**EXERCISE AIM:** Using the records below, transcribe exactly only the lines from the one with "Terreno en Venta" through the end, both included, and drop every picture.
[Opening MATERIALS PROVIDED section]
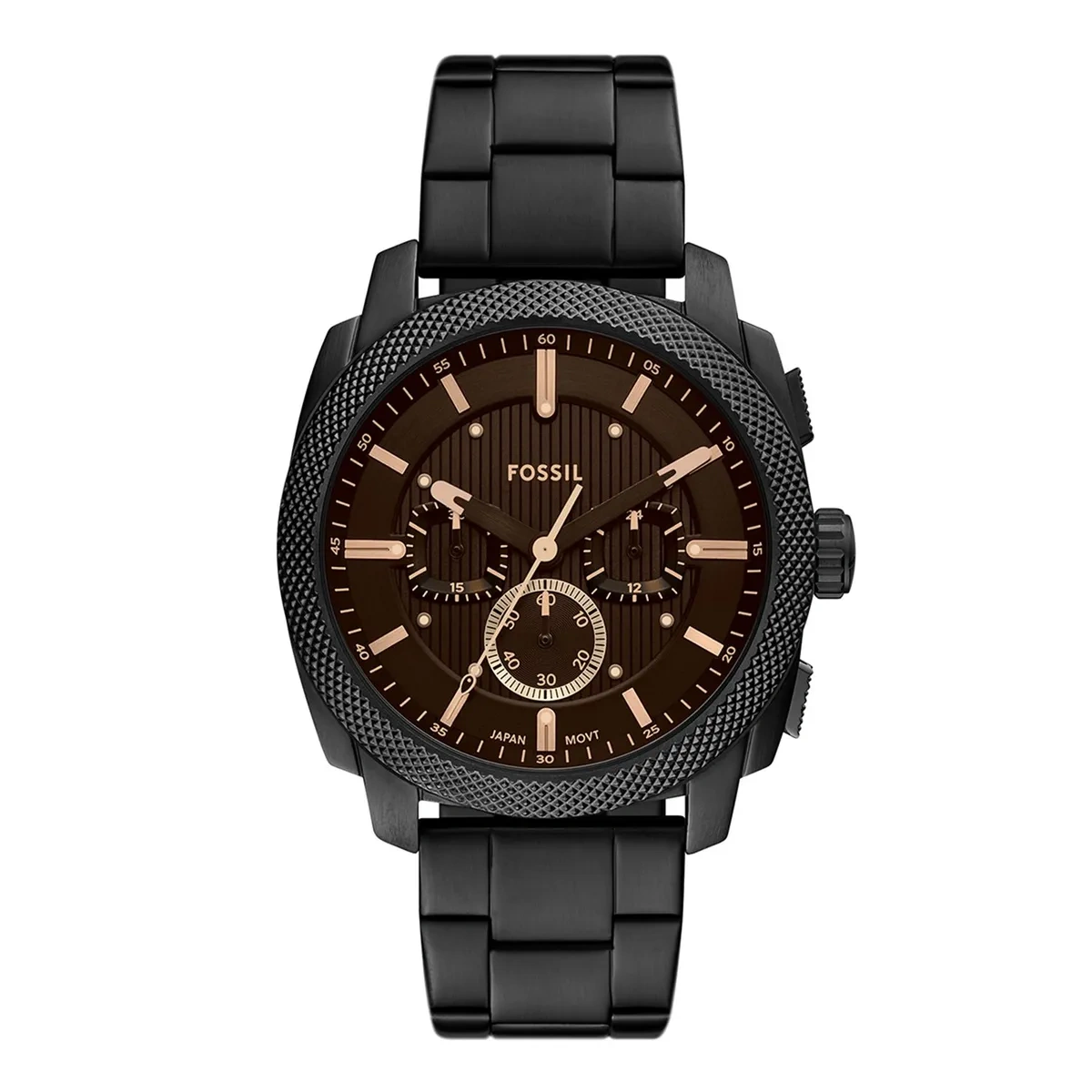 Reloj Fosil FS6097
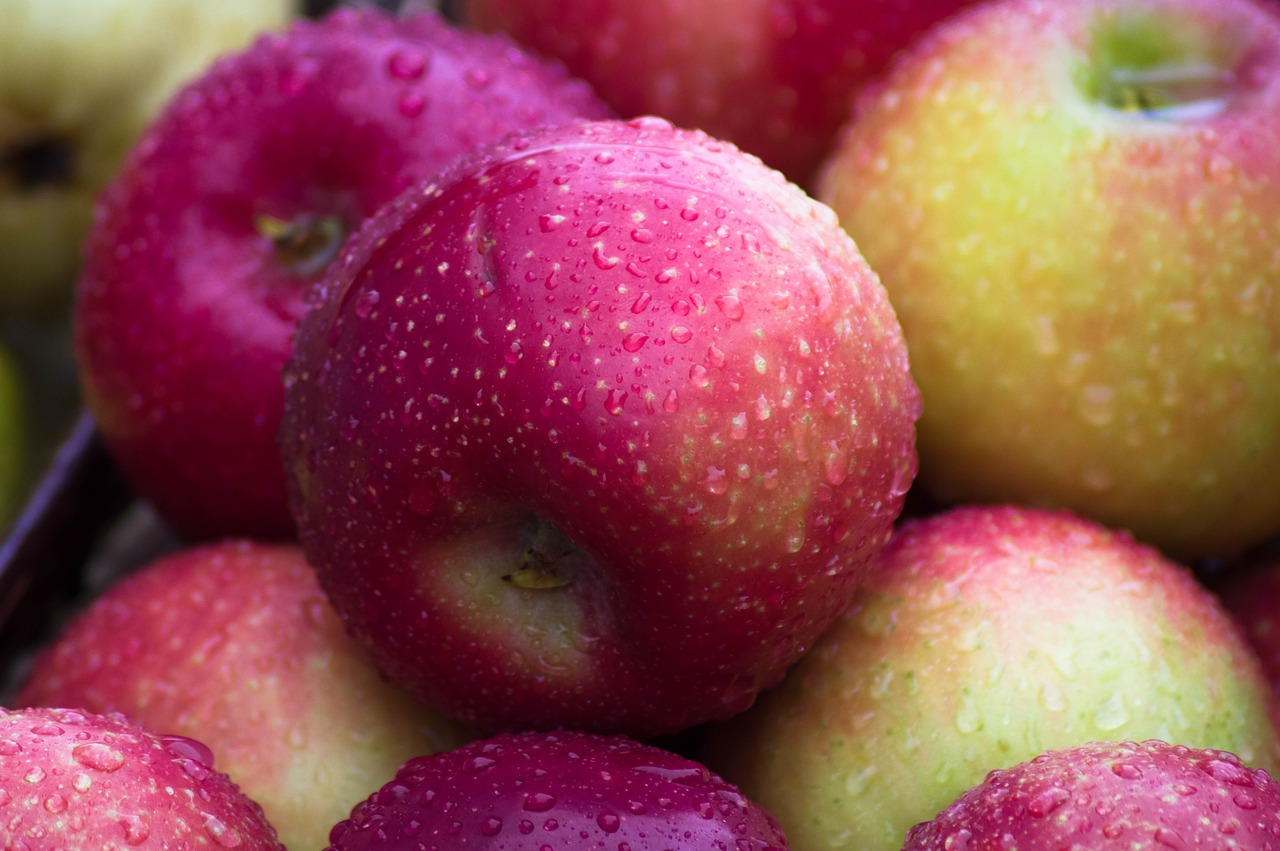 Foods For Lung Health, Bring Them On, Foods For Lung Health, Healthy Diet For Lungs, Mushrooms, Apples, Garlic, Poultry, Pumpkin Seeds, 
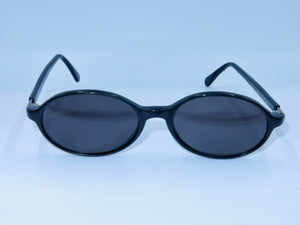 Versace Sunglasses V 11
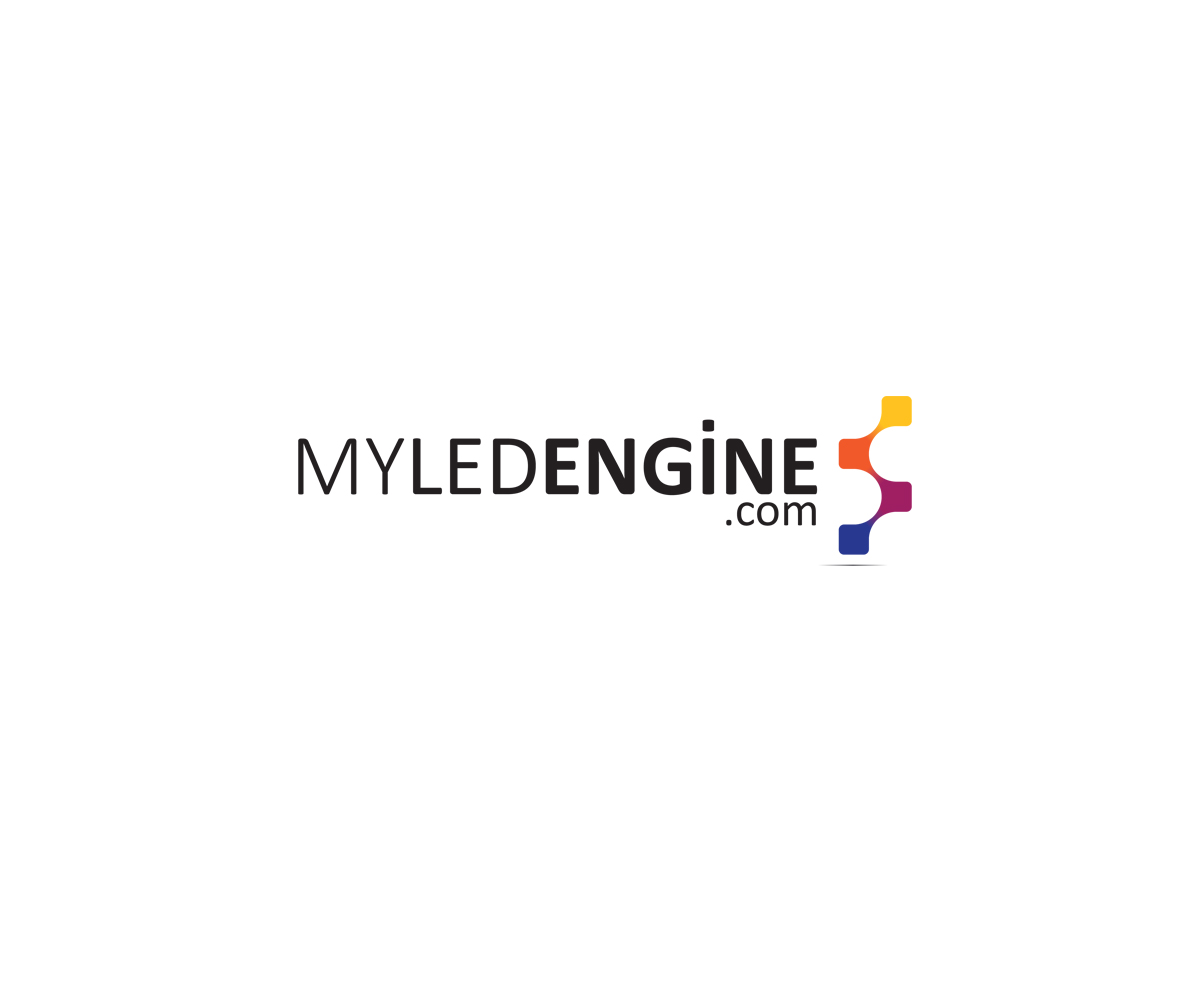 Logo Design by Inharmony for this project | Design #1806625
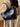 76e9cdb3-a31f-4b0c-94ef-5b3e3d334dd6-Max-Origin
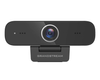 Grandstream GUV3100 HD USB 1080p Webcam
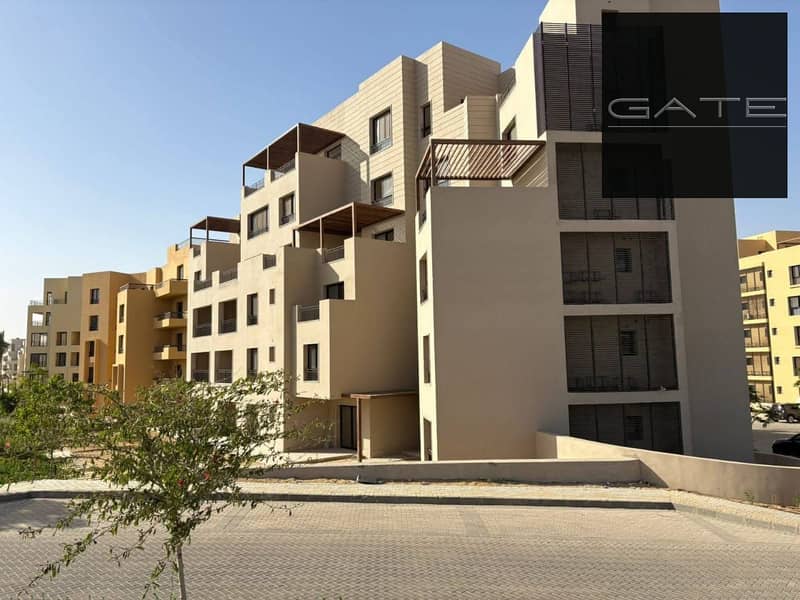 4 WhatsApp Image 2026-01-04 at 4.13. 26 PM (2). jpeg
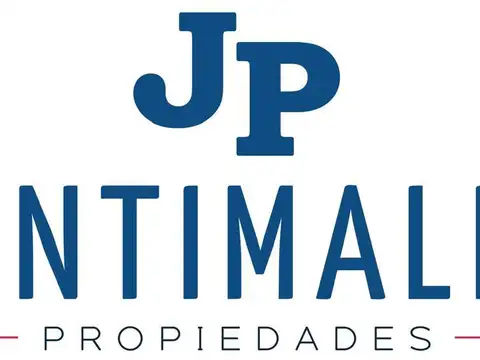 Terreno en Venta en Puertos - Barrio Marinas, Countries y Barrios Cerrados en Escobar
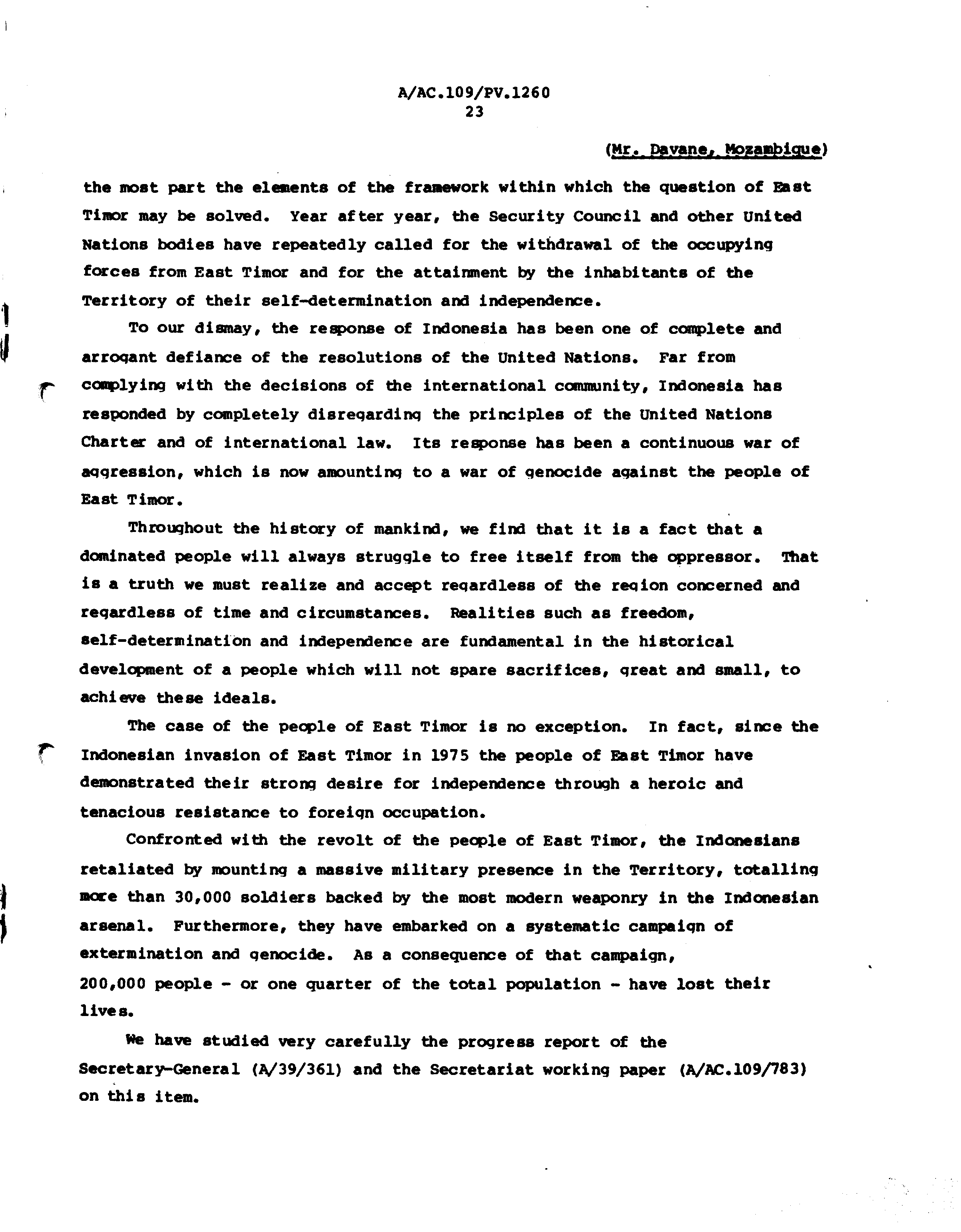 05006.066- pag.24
[Closing MATERIALS PROVIDED section]
**ANSWER SPACE:**
 Terreno en Venta en Puertos - Barrio Marinas, Countries y Barrios Cerrados en Escobar
 05006.066- pag.24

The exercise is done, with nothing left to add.